Но теперь летать мне постоянно мешала та мысль — о сцене. Известная балерина стала чуть ли не моим кровным врагом! Я уже не мог смотреть даже телепередачи с ее участием. А «о сцене» напоминало то одно, то другое.
Раз попалась в руки книга о жизни Льва Толстого в Ясной Поляне. Люблю Толстого. Но читаю письмо Льва Николаевича — и опять о своем…
«…Ты описываешь свою жизнь в жидовском местечке, и, поверишь ли, мне завидно. Ох, как это хорошо в твоих годах посидеть одному с собой, с глазу на глаз, и именно в артиллерийском кружку офицеров, — пишет он брату жены Софьи Андреевны. — Не много, как в полку, и дряни нет, и не один, а с людьми, которых уже так насквозь изучишь и с которыми сблизишься хорошо. А это-то и приятно, и полезно… (…) Я очень счастлив, но когда представишь себе твою жизнь, то кажется, что самое-то счастье состоит в том, чтоб было 19 лет, ехать верхом мимо взвода артиллерии, закуривать папироску, тыкая в пальник, который подает 4-й № Захарченко какой-нибудь, и думать: „Коли бы только все знали, какой я молодец!..“
Что говорить, всякое счастье, даже боевое, — удел молодости. Оно любит баловать молодежь. Ведь победа немножко тоже женщина…
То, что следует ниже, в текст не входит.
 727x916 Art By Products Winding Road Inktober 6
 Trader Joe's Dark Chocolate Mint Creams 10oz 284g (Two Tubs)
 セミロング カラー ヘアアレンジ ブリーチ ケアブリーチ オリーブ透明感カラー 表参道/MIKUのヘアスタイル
…Ту ночь я запомнил во всех подробностях. Опять сложные метеорологические условия — ни горизонта, ни неба. Не случайно и летать разрешили только наиболее опытным, тем, кто подтвердил первый класс. С разлета — одним из первых — я выполнил полет и направился в высотку. Высотка — это такая комната, где в специальных ящиках хранятся наши летные доспехи — гермошлем, кислородная маска, ВКК — высотно-компенсирующий костюм, защитный шлем. Здесь пилоты собираются, коротая время между вылетами. Обычно в высотке шумно — кто-нибудь обязательно рассказывает веселые истории, последние новости. На стене комнаты большое зеркало: смотрясь в него, пилот проверяет — все ли в порядке, правильно ли подогнана на нем его боевая амуниция.
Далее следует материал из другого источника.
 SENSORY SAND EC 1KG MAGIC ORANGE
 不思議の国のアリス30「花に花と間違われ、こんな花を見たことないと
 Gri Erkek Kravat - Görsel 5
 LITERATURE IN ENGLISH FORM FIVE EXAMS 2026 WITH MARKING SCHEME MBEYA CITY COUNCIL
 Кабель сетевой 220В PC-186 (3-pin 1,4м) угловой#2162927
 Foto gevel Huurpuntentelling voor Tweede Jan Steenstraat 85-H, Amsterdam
Я, помню, подошел к тому зеркалу после первого полета, и вдруг взгляд мой остановился на группе летчиков. Один из них что-то живо рассказывал своим товарищам — те по-молодому звонко и беззаботно смеялись, и я невольно замер, всматриваясь в их лица. Ребята эти чем-то напомнили мне мою молодость, когда, так же вот весело смеясь, мчались мы на дрезине по сталинградской степи навстречу неизвестному будущему…
От группы пилотов отделился один и, несколько приблизившись к зеркалу, но так, чтобы не мешать мне, принялся готовить свой гермошлем. Узкое лицо, большой лоб, небесно-голубые глаза… Движения летчика были порывисты, точны. Я наблюдал, как он резко задергивал на высотном костюме замки-»молнии», как надевал гермошлем — похоже, это нравилось ему. Когда летчик ушел, я внимательно, без сожаления и страха, посмотрел в зеркало. В отражении увидел уставшее, все в глубоких морщинах лицо, поредевшие седые волосы и тут окончательно понял, что летчику-истребителю Евгению Савицкому пора оставлять «сцену». Да, ни тот металлический гермошлем, ни высотный костюм — ничто уже не шло мне, а казалось какой-то неестественной театральной бутафорией…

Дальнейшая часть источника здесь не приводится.